Recorded information:
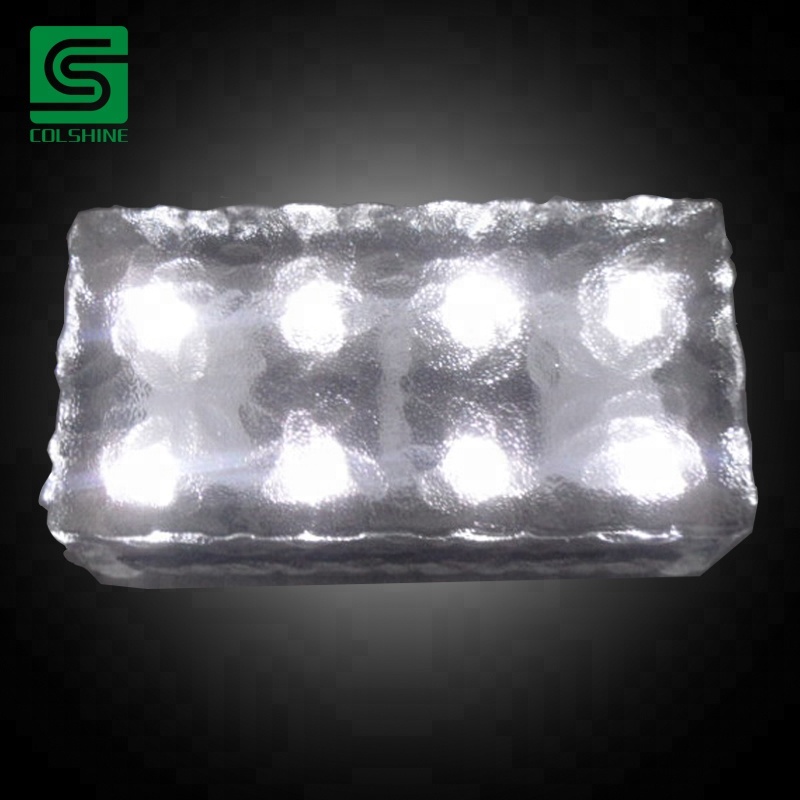 עובדי ריצוף Colshine זכוכית led מגניב לבן/led אור לבנים קרח 6x9/led לבנים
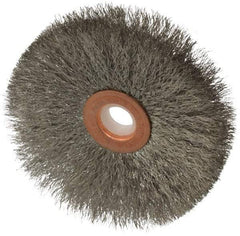 Anderson - 3" OD, 1/2" Arbor Hole, Crimped Stainless Steel Wheel Brush - 1/4" Face Width, 1" Trim Length, 0.006" Filament Diam, 20,000 RPM - Industrial Tool & Supply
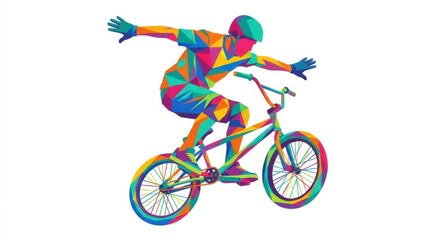 Fototapeta premium Colorful BMX cyclist performing a freestyle stunt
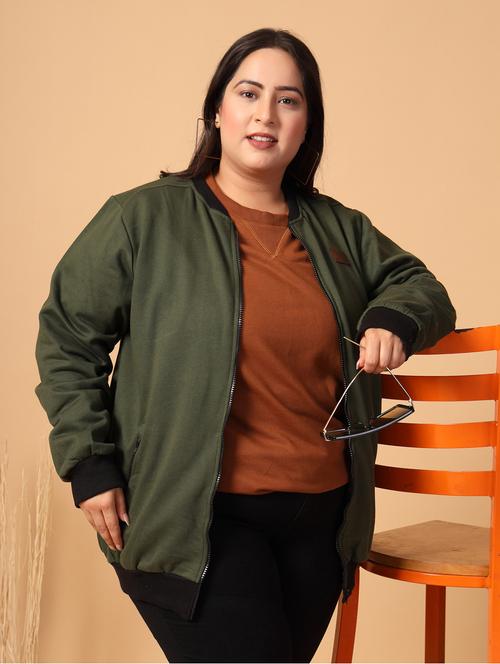 women plus size solid long sleeves jacket - 21686028 -  Standard Image - 0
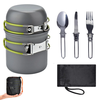 Lightweight Aluminum Alloy Camping Pot Hiking Picnic Tourist Tableware Set Outdoor Stove Pot Pan Plastic Bowl Outdoor Co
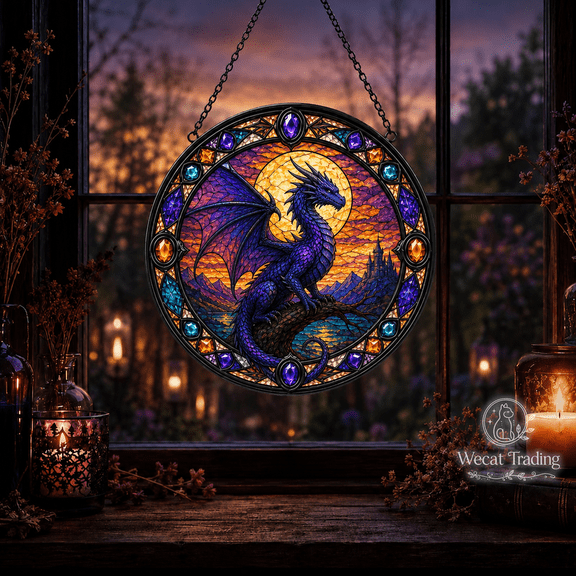 Glass Window Hanging Dragon Moon Glass Suncatcher for Window Display, Fantasy Gift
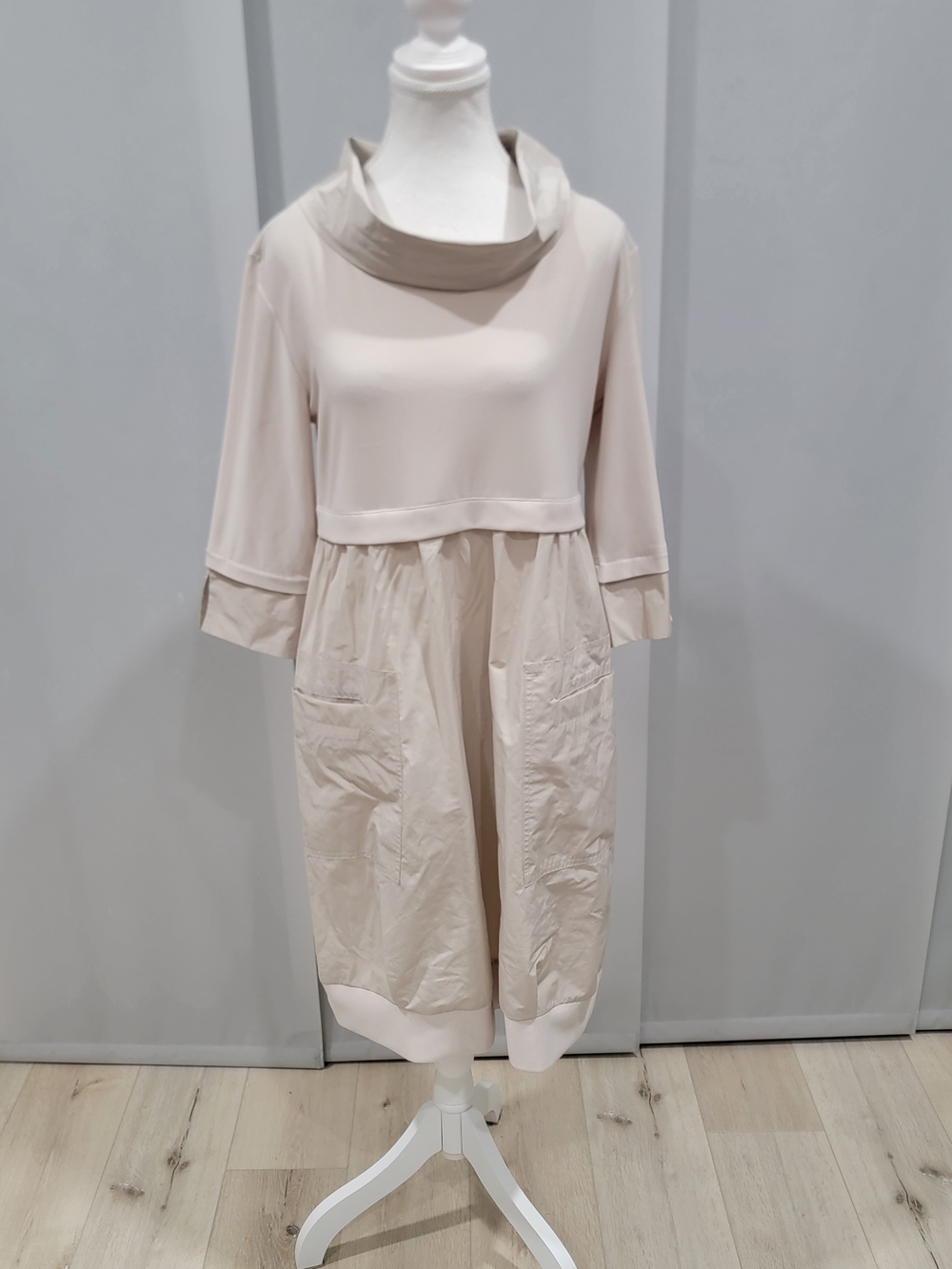 Elegant Cream Casual Midi Dress with Cowl Neck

Problem description: Without the pictures, reproduce every record exactly as it appears above.

Your response:
 עובדי ריצוף Colshine זכוכית led מגניב לבן/led אור לבנים קרח 6x9/led לבנים
 Anderson - 3" OD, 1/2" Arbor Hole, Crimped Stainless Steel Wheel Brush - 1/4" Face Width, 1" Trim Length, 0.006" Filament Diam, 20,000 RPM - Industrial Tool & Supply
 Fototapeta premium Colorful BMX cyclist performing a freestyle stunt
 women plus size solid long sleeves jacket - 21686028 -  Standard Image - 0
 Lightweight Aluminum Alloy Camping Pot Hiking Picnic Tourist Tableware Set Outdoor Stove Pot Pan Plastic Bowl Outdoor Co
 Glass Window Hanging Dragon Moon Glass Suncatcher for Window Display, Fantasy Gift
 Elegant Cream Casual Midi Dress with Cowl Neck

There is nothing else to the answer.